Nach § 78a Abs. 2 Satz 1 BetrVG gilt zwischen einem Auszubildenden, der Mitglied des Betriebsrats oder eines der anderen dort genannten Betriebsverfassungsorgane ist, und dem Arbeitgeber im Anschluss an das Berufsausbildungsverhältnis ein Arbeitsverhältnis auf unbestimmte Zeit als begründet, wenn der Auszubildende in den letzten drei Monaten vor Beendigung des Berufsausbildungsverhältnisses vom Arbeitgeber schriftlich die Weiterbeschäftigung verlangt. Der Begriff der Zumutbarkeit in § 78a Abs. 4 Satz 1 BetrVG stimmt nicht mit dem in § 626 Abs. 1 BGB überein [1].

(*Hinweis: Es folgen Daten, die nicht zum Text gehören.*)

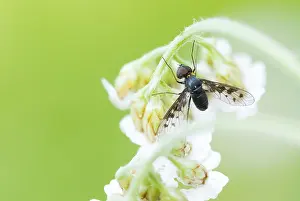 Bombyliidae Prints: Anthrax varius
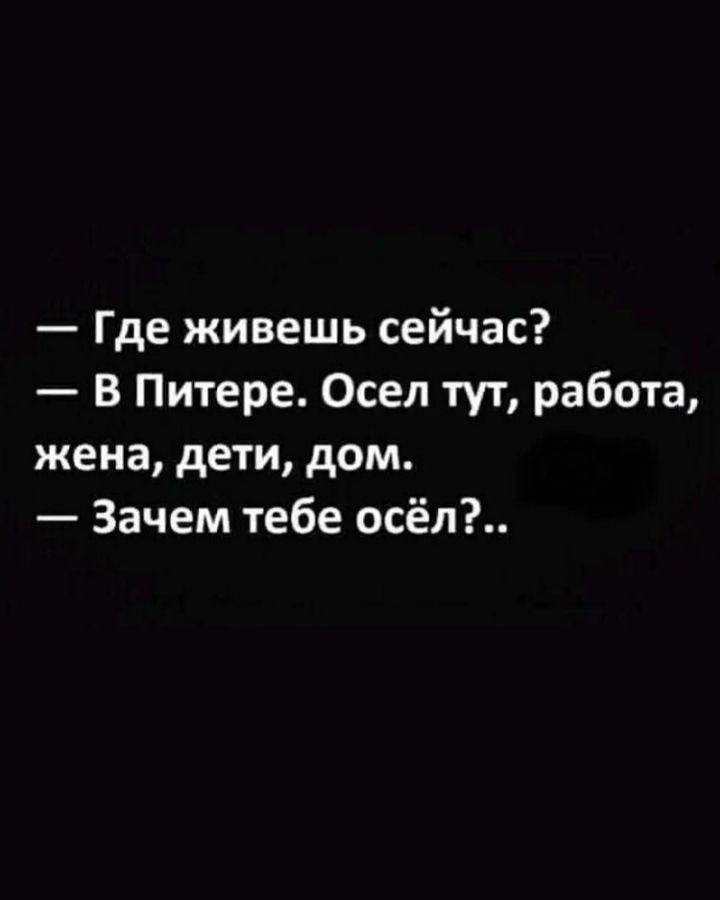 Где живешь сейчас В Питере Осел тут работа жена дети дом Зачем тебе осёл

Unzumutbarkeit der Weiterbeschäftigung
Dem Arbeitgeber ist die Weiterbeschäftigung nicht erst dann unzumutbar iSv. § 78a Abs. 4 Satz 1 BetrVG, wenn die Voraussetzungen des § 626 Abs. 1 BGB erfüllt sind. Die zum Begriff der Unzumutbarkeit in § 626 Abs. 1 BGB entwickelten Grundsätze lassen sich nicht auf § 78a Abs. 4 Satz 1 Nr. 2 BetrVG übertragen.
Der Tatbestand des § 626 Abs. 1 BGB liegt vor, wenn dem Arbeitgeber schon die Fortsetzung des Arbeitsverhältnisses bis zum Ablauf der Kündigungsfrist oder bis zur vereinbarten Beendigung nicht zugemutet werden kann. Bei der Auflösung des nach § 78a Abs. 2 Satz 1 BetrVG entstandenen Arbeitsverhältnisses ist demgegenüber maßgeblich, ob dem Arbeitgeber die Beschäftigung des Amtsträgers in einem unbefristeten Arbeitsverhältnis zumutbar ist [2].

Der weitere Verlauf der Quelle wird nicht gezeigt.